Summer is best when it includes plenty of downtime. When you streamline your summer with kids, you can make it all about free time, enjoying nature, and simplicity.
to me, those have always been the two most beautiful words in the English language.
~ Henry James
Summer holds a special place in our hearts. Reading a book under the trees on a warm day, playing in the surf and building sand castles, or lying on a blanket under the stars… our memories can be simple or they can be momentous.
The one thing most of these memories have in common is time.
No hurried schedule, no early bedtime for school the next day. When a child’s world is simplified, they have the time and space to feel more calm and contentment.
How to Streamline Your Summer
Some families run smoothly only with a schedule and firm boundaries.
Others run just fine by taking every hour as it comes. No matter where you fall in between, here are some ways you can make the most of this summer, while still keeping it simple.
Follow a (flexible) schedule
Even though your time isn’t as structured as during the school year, many young children thrive with routine.
Break up your time into defined chunks so everyone knows what to expect. Keep mealtimes and bedtime consistent, but having big blocks of unscheduled activities is what brings the imagination to life!
Explore your local surroundings
A big vacation is fantastic, but if extensive travel isn’t an option this year, your family can enjoy nature, history, and most likely an amazing library in your own community. Pack your kids’ favorite healthy lunch or snacks and visit different, unexplored playgrounds and walking trails around your city. Or try some of these fun staycation ideas to help recreate family favorite destinations right at home.
The kids will get exercise, their daily dose of Vitamin N, and you’ll get out of the house (for free!)
Deal with summer boredom (or don’t)
“Boredom is not a problem to be solved. It is an itch to scratch. Boredom is the dawn of ideas. Boredom is curiosity knocking gently at your mind, asking to play,” explains Bunmi Laditan.
A fascinating German project called, “Der Spielzeugfreie Kindergarten” (toy-free kindergarten) removed all toys from their classrooms for three months. The children were free to choose their own activities and their days were deliberately left unstructured to minimize rushing around.

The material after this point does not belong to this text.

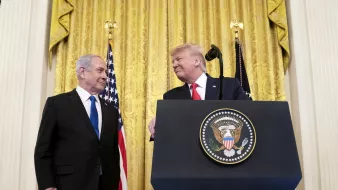 تصویر مربوط به یک مراسم رسمی است که در آن دو نفر در حال گفتگو هستند. در پسزمینه، پردههای طلایی و پرچمهای ایالات متحده دیده میشوند. یکی از افراد در سمت چپ، لباسی تیره به تن دارد و به شخص دیگر در سمت راست نگاه میکند. شخص در سمت راست یک لباس رسمی و یک کراوات به تن دارد و به نظر میرسد در حال لبخند زدن است. همچنین بر روی میزی که در مقابل آنها قرار دارد، نشان رسمی ریاستجمهوری ایالات متحده وجود دارد. این تصویر به نظر میرسد به یک رویداد سیاسی یا دیپلماتیک مربوط باشد.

On the first day, the children appeared confused and bored as they peered apprehensively around their big empty classroom. By the second day, they were playing with chairs and blankets, making forts with blankets and weighing them down with shoes. In the following days, they began to excitedly run and chat around the room. By the end of the third month, they engaged in wildly imaginative play. They also showed improved concentration and communication skills.
So, this one’s up to you. Let them see what comes from their boredom. Or maybe keep a little stash of craft supplies, books, bubbles, board games, or a rotation of seldom-seen toys for when their boredom impedes on your ability to get stuff done.
Be ready for anything
Keep a summer survival kit in your car with sunscreen, safe insect repellent, picnic blanket, umbrella, ball or frisbee, basket for library books, and extra reusable water bottles… so you’ll be ready for whatever comes your way. Or if you’re heading to the beach, here’s a great guide to beach going with little ones.
If you need a little inspiration, here are 35 activities to treasure while your child is still little and 50 fun screen-free activities.
Create a summer bucket list
As a family, write down a list of activities (camping out in the yard, bowling, pillow forts, making ice pops) to do over the summer, then consult your list when boredom strikes. Ideally, these are inexpensive things you can do locally. But it’s also fun to give each family member a small budget for one item on their bucket list.
Relive the memories
At the end of the summer, create an album of photos from all your family’s adventures – both big and small. Talk about everyone’s favorite days. You might be surprised at how much fun you’ve packed into just a few months. And you’ll have a new family heirloom the kids will want to flip through on a cold day during the school year… and even when they’re all grown up.